As a matter of fact, Macedonian judges have not broken the myth of issuing their decisions only on the basis of statutes, without invoking the provisions of international conventions as well.
There is no doubt that in the practice of the Macedonian courts there is still considerable hesitation to refer their internal operations to international legal acts. As a consequence, unless the provisions of international treaties are invoked in the practice of the courts, they will remain only theoretical fictions without any meaning and value in the real life. This means that the status that international human rights law enjoys in a specific country does not depend only on the content of its constitutional norms but also on the commitment of the judiciary to implement them in practice.
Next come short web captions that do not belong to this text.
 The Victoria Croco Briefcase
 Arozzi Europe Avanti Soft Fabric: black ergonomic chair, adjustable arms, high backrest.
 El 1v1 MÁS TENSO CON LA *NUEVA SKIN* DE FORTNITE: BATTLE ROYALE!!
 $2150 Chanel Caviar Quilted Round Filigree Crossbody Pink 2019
This is best verified from Latin legal maxim: Applicatio est vitae regulae iuris The application is the life of a rule. The third step that the Republic of Macedonia took was the deposition of the instruments of the ratification to the Secretary General of the Council of Europe on 10 April It is important to keep in mind the fact that the Council of Europe as the date of ratification of the Convention considers the time of the deposition of the instruments of ratification to the Secretary General of the Council of Europe Article 66, paragraph 3 of the Convention and not the date when the national legal act for the ratification entered into force.
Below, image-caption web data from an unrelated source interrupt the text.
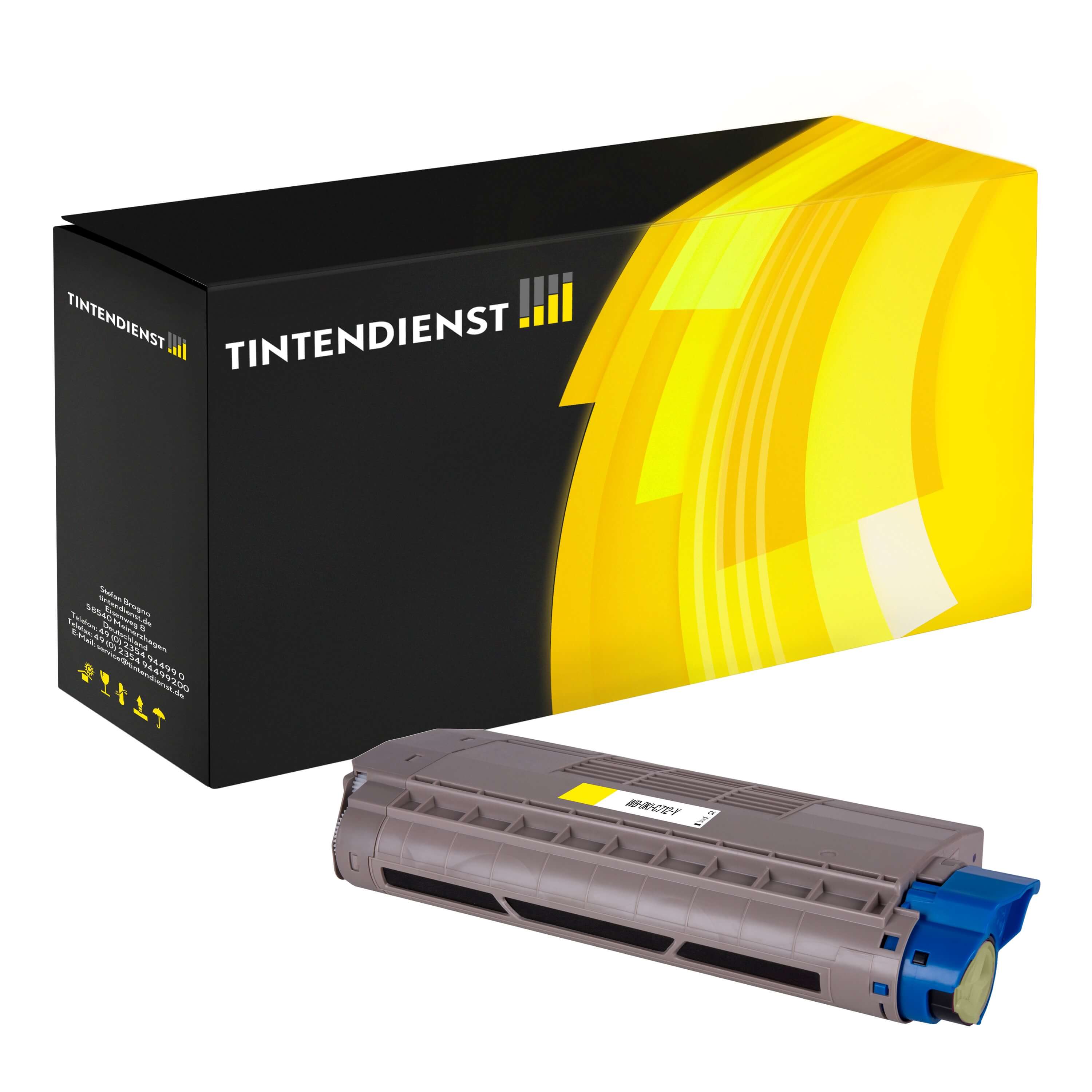 Toner kompatibel zu OKI 46507613, gelb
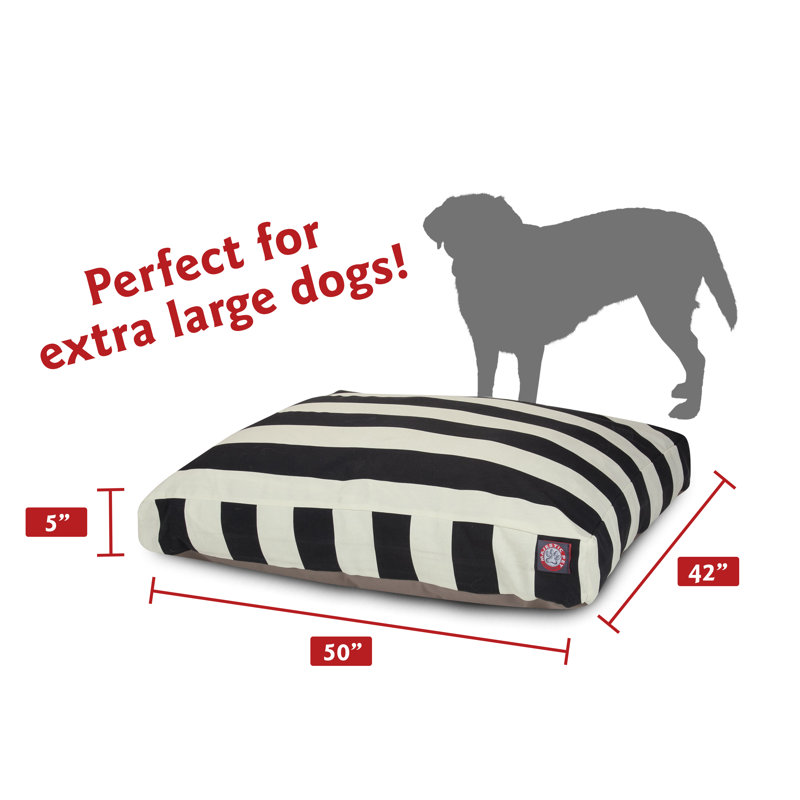 Lit pour animaux Majestic, Très grand (l 42 po x P 50 po x H 5 po), Noir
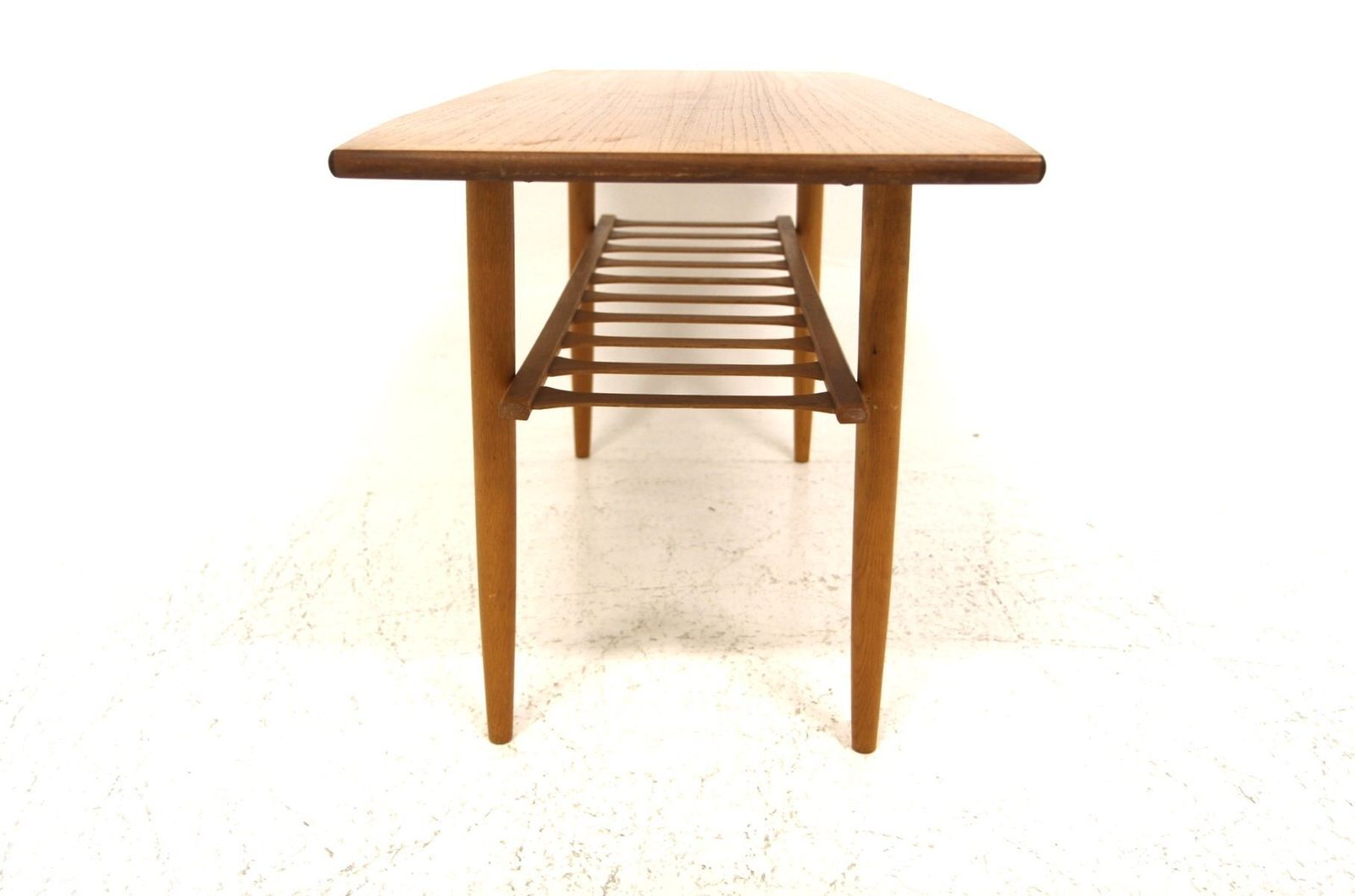 Table basse scandinave en teck, Suède, 1950 photo Mobilier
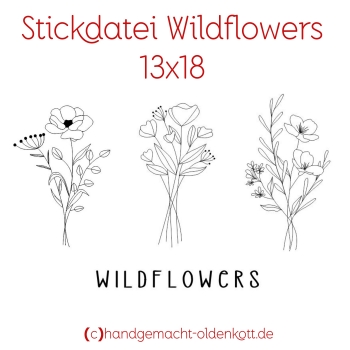 Stickdatei Wildflowers  13x18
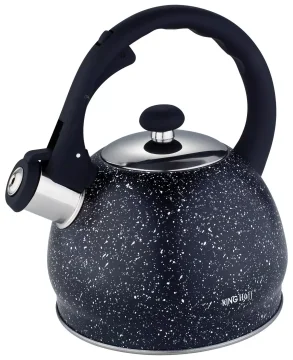 slomart Klasični kuhinjski čajnik KING Hoff, 2l, crni mramor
In the hierarchical structure of the constitutional order of the Republic of Macedonia, international treaties take a specific position; they are above statutory acts, but below constitutional acts. In case of a collision between a statute and a ratified international treaty, the provisions of the international treaty have primacy over the domestic law and international treaties invalidate internal laws if they do not comply with the respective international treaties. A disadvantage of the Macedonian Constitution is that it invokes only ratified international treaties, but not international treaties that are not subject to ratification from the Assembly or international custom.
Another disadvantage of the Constitution of RM is that it does not expressly provide any competence to the Constitutional Court of the RM to review the constitutionality of laws that ratify international treaties.
Acta Universitatis Danubius. Juridica, Vol 10, No 3 (2014)
The author presents arguments against restricting the freedom of expression on the grounds of necessity or in order to respect the rights of others. Whilst Amy Shepherd does not argue that extremism legislation can never satisfy the high standards of international human rights law, she does provide a list of requirements, which need to be satisfied for domestic extremism legislation to be lawful.
- Janne E. Nijman and André Nollkaemper.
- Consensual (Club Imperial Book 1)!
- Domestic law and IHL!
- The Emperors Gambit [The Amazing Adventures of the Emperor #1];
- James: A 12-Week Study (Knowing the Bible).
- In this section.
The author argues that national judicial practice enriches the development of EU law. The author highlights the need for a regulatory regime in developing countries to complement the prohibitive regime in the major e-waste source countries. The author then examines these proposed measures in light of WTO rules and jurisprudence.
The authors argue that the ICJ has failed to foster nuclear disarmament within the international community. Aksamitowska, K. Utrecht Journal of International and European Law , 33 85 , pp. Aksamitowska K. Utrecht Journal of International and European Law.
Utrecht Journal of International and European Law , 33 85 , 1—4. Aksamitowska, Karolina. Utrecht Journal of International and European Law 33 85 : 1—4. Utrecht Journal of International and European Law 33, no.
Aksamitowska, K.. Utrecht Journal of International and European Law , vol.